WORK REQUEST: Output the entries that follow character for character. Leave every image out.
===== EXCERPTED RECORDS
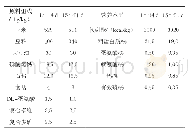 《表1 肉鸡生长前期和后期日粮配方组成》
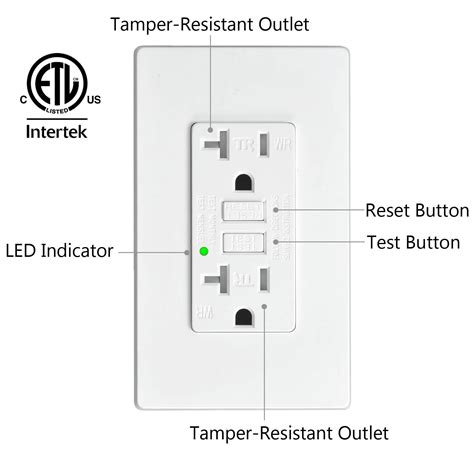 20AMP GFCI Outlet Receptacle Tamper Resistant - ETL GFI TR WR GFCI ...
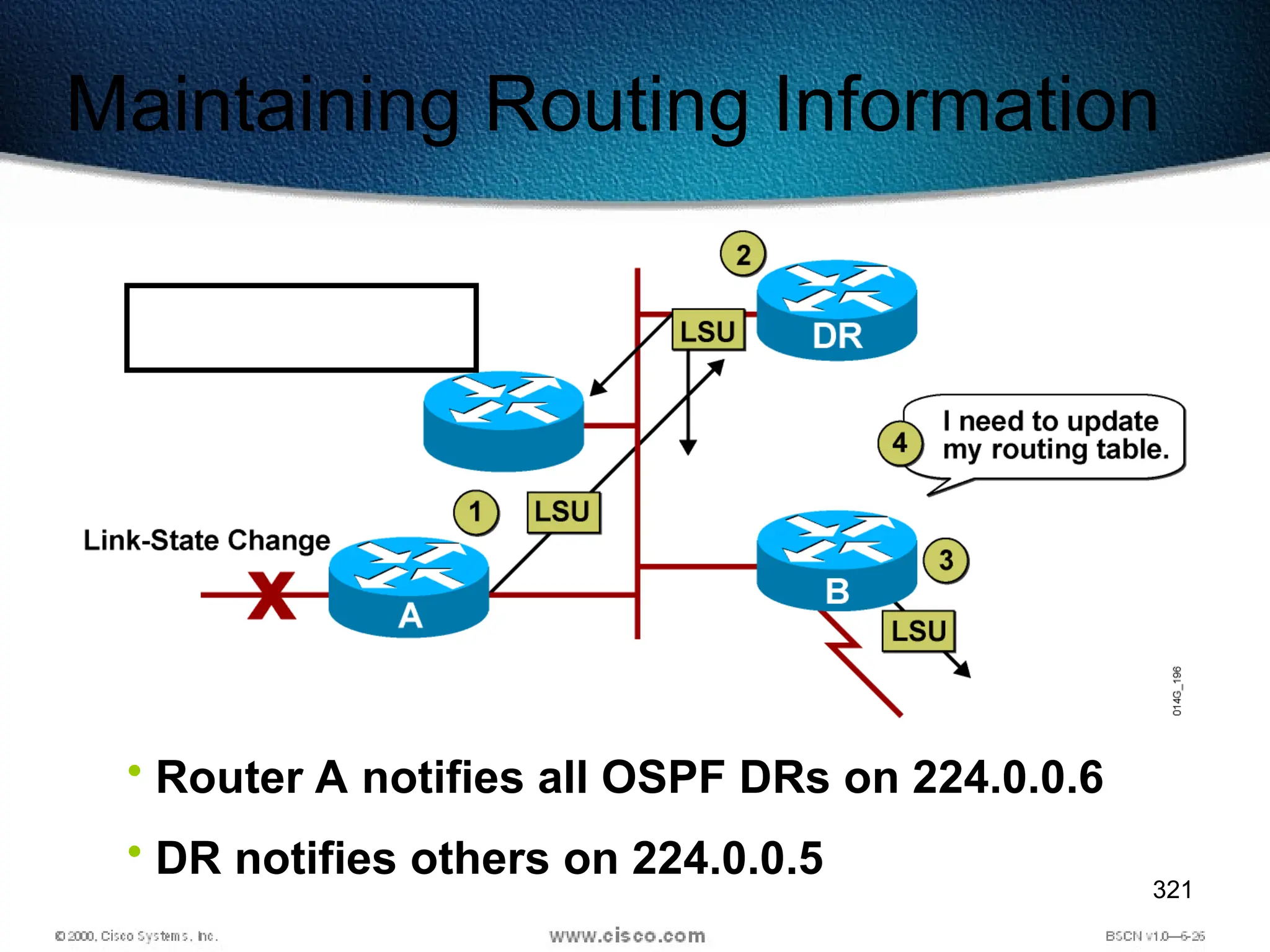 321
Maintaining Routing Information
• Router A notifies all OSPF DRs on 224.0.0.6
• DR notifies others on 224.0.0.5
==========
RESULT FOR THIS EXERCISE:
 《表1 肉鸡生长前期和后期日粮配方组成》
 20AMP GFCI Outlet Receptacle Tamper Resistant - ETL GFI TR WR GFCI ...
 321
Maintaining Routing Information
• Router A notifies all OSPF DRs on 224.0.0.6
• DR notifies others on 224.0.0.5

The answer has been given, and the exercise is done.